Condensation happens as a results of a difference in temperature between the outside and the inside of the surface. Viewing windows are much more prone to condensation as they are no absorbant and thin.
like msscha says Ed Clark's book is quite a valuable read
http://www.biobees.com/library/gener...g_EdClarke.pdf.
Depending if you subscribe to the view (which I do) the hive functions as a condenser and heat reclaim unit. By the water condensing onto the sides of the hive heat is lost from the water and released back into the hive to help warm the brood. This works even better in a kenyan style top bar hive as the walls are sloped so:
a) There is greater surface area for condensing (compared to a straight sided of the same depth)
b) Condensing is slowed by the slope into a narrower space providing a greater time for condensing to occur.
c) the sloping sides means the heat lost from the heat rise into the comb rather than back up the sides of the hive. This puts the heat where it is needed and keeps are more consistent air current as it isn't raising into the cooling air.
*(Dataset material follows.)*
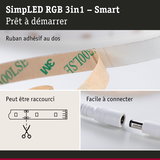 Bande LED SimpLED RGB 3in1 Smart avec ruban adhésif, peut être raccourcie et connectée facilement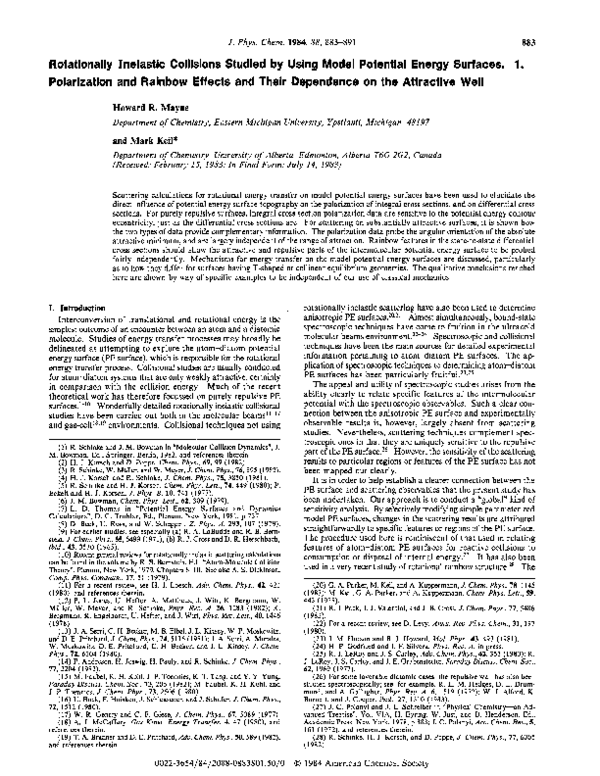 (PDF) Rotationally inelastic collisions studied by using model ...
With all this in mind ventilation is therefore inhibiting that effect.
The ecofloor idea put forward by Phil Chandler if perfect for this purpose.

http://www.youtube.com/watch?v=SWB-pdlqeFQ

For my new hives and retro fitting to old hives the Ecofloor is definitely the way to go for me. 
I like the ideas behind the flora and fauna balance in a hive BUT even if all that is rubbish (I withhold judgement on this ) the advantages of this floor for increased temperature and moisture control within the hive are invaluable. It provides an outlet for excessive water when required, but will humidify the air when excessively dry. It provides insulation to the hive from extremes of external heat and cold. It would also works as a reservoir for heat, hive scent, and moisture releasing it back into the hive after you have let it out during a hive inspection. It is essentially a "buffer" resisting any change within the hive environment, thus once the bees have set that environment it will help it be maintained meaning the bees don't have to work so hard to regain it. Not sure how this will work for SHB etc but for me in the UK right now there isn't a better choice for any hive, not just kTBHs.


----------



## msscha (Jan 4, 2014)

AugustC said:


> i
> With all this in mind ventilation is therefore inhibiting that effect.
> The ecofloor idea put forward by Phil Chandler if perfect for this purpose.
> 
> .


I'm glad you shared that bit of info! I built an eco floor into my hive -- filled it with a mixture of leaves, pine bark mulch (not new) and mulchy-loamy stuff from the ground near the hive. I agree that it makes sense as a buffer for the interior -- but I also am finding that it attracts critters (ants, spiders). I don't think that is necessarily a bad thing, but it is of interest. Being the utter hive-building n00b that I am, I failed to use the correct sized hardware cloth on the bottom of the hive body, and the colony has just gotten big enough that the bees are actively exploring the eco floor debris, and somebodbee (very bad pun) managed to create yet another entrance through a gap between the eco floor and hive mesh floor! The spot is an attractive one b/c it's actually under the feeder station, and I'm thinking that sugar syrup drippings have been a big hit.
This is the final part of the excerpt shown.